### WORK REQUEST
What you return must match the entries exactly, except that the pictures are gone.

### TASK INPUTS
——————
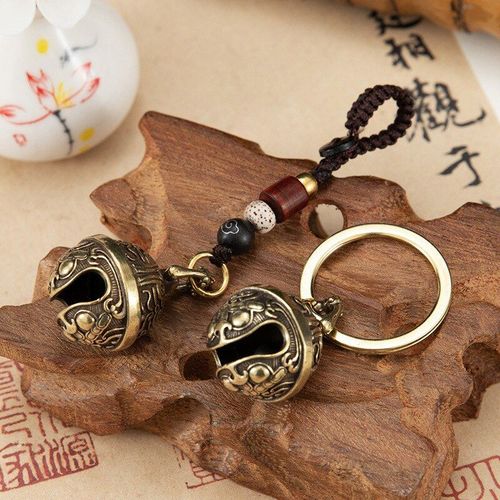 Porte-Clés Cloche En Laiton, Pendentif En Forme De Tête De Dragon De Crapaud Doré, En Cuivre Pur, Pendentif En Corde Tressée, Diy, Pour Animal De Compagnie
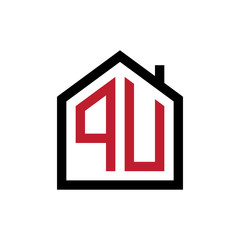 simple initial logo pentagon house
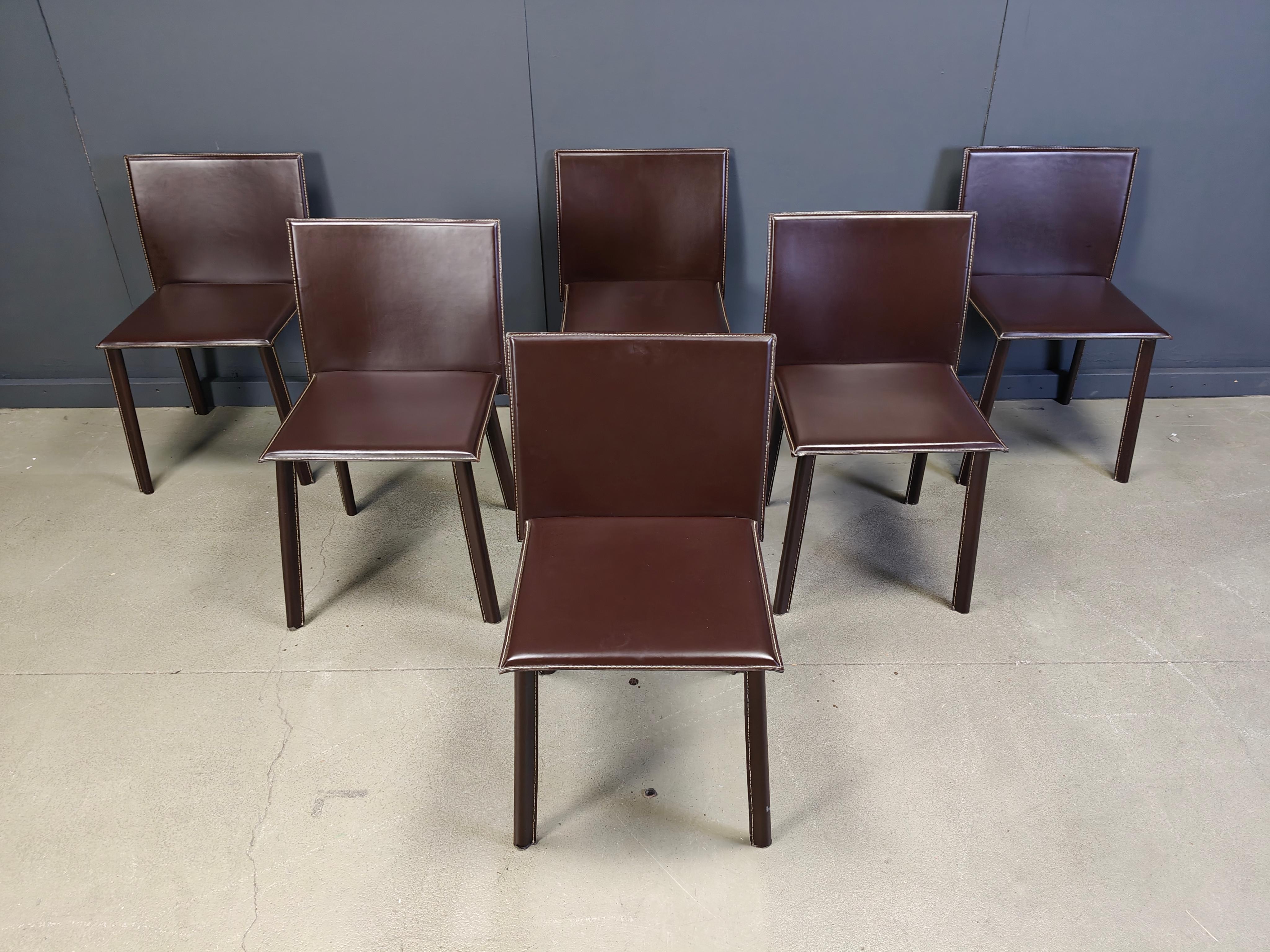Esstischstühle aus braunem Leder, 6er Set, 1980er Jahre im Angebot 8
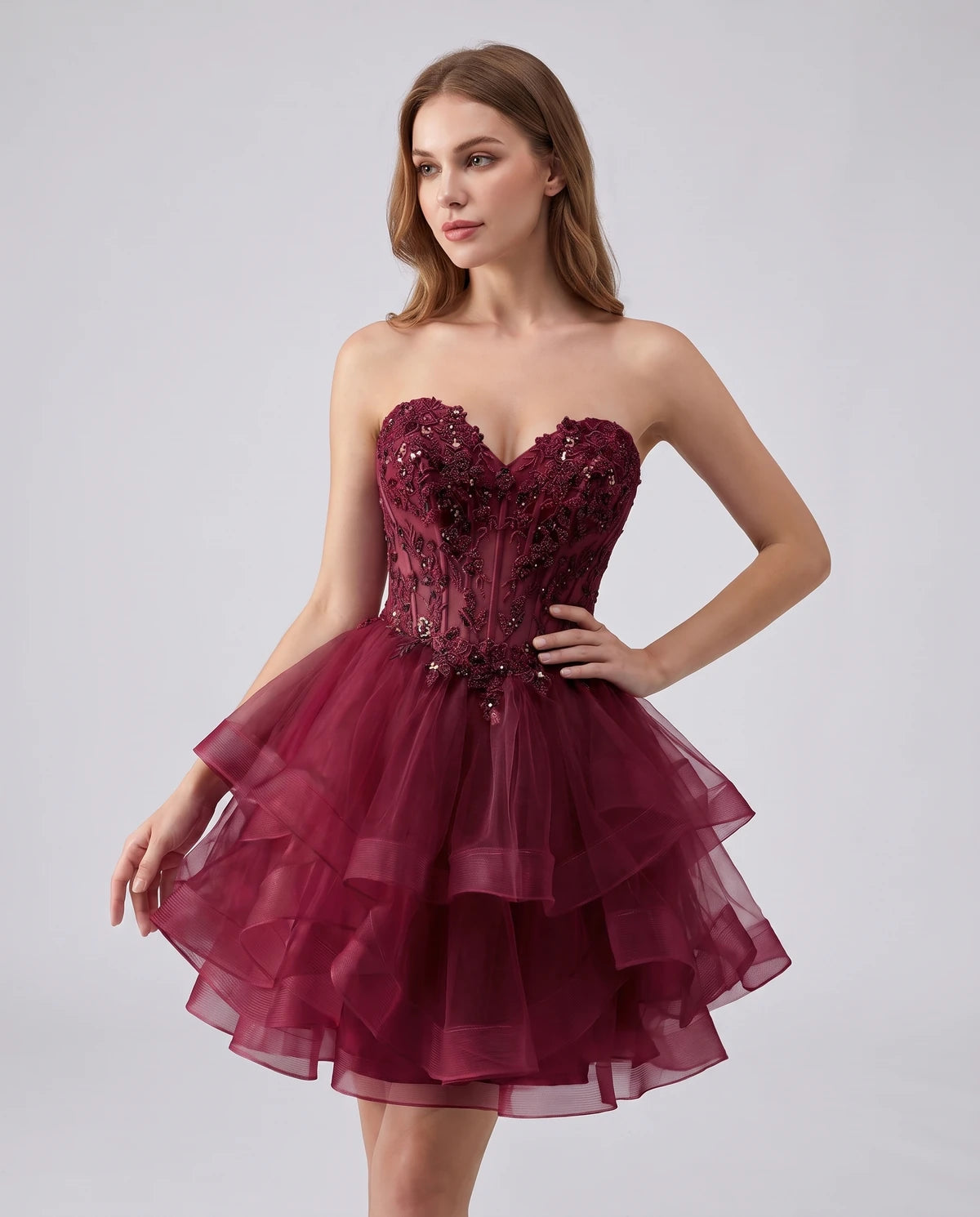 Cerelia Midi Dresses — Burgundy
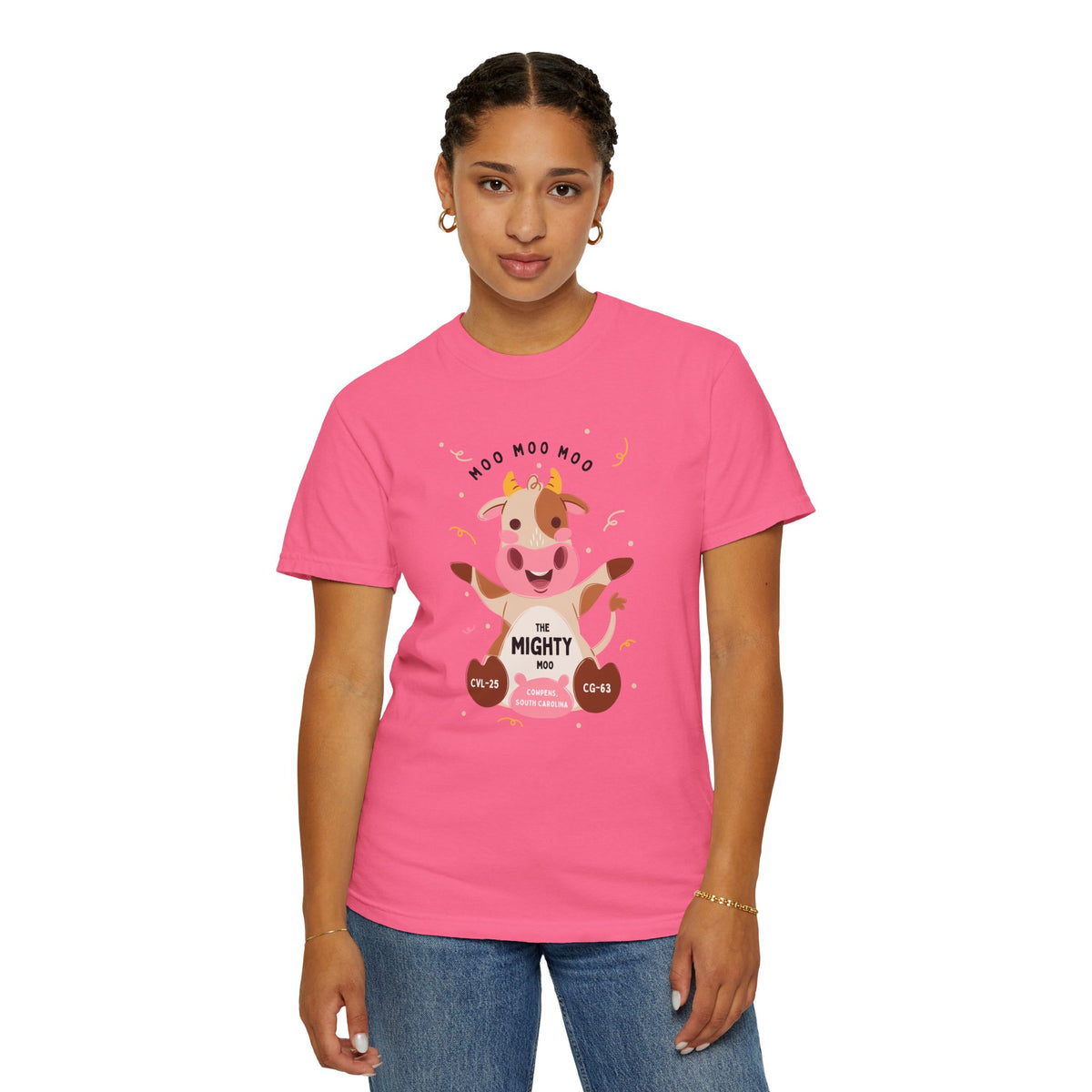 Mighty Moo Cow Graphic T-Shirt — Cute Farm Animal Tee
——————
### TASK SOLUTION
 Porte-Clés Cloche En Laiton, Pendentif En Forme De Tête De Dragon De Crapaud Doré, En Cuivre Pur, Pendentif En Corde Tressée, Diy, Pour Animal De Compagnie
 simple initial logo pentagon house
Esstischstühle aus braunem Leder, 6er Set, 1980er Jahre im Angebot 8
 Cerelia Midi Dresses — Burgundy
 Mighty Moo Cow Graphic T-Shirt — Cute Farm Animal Tee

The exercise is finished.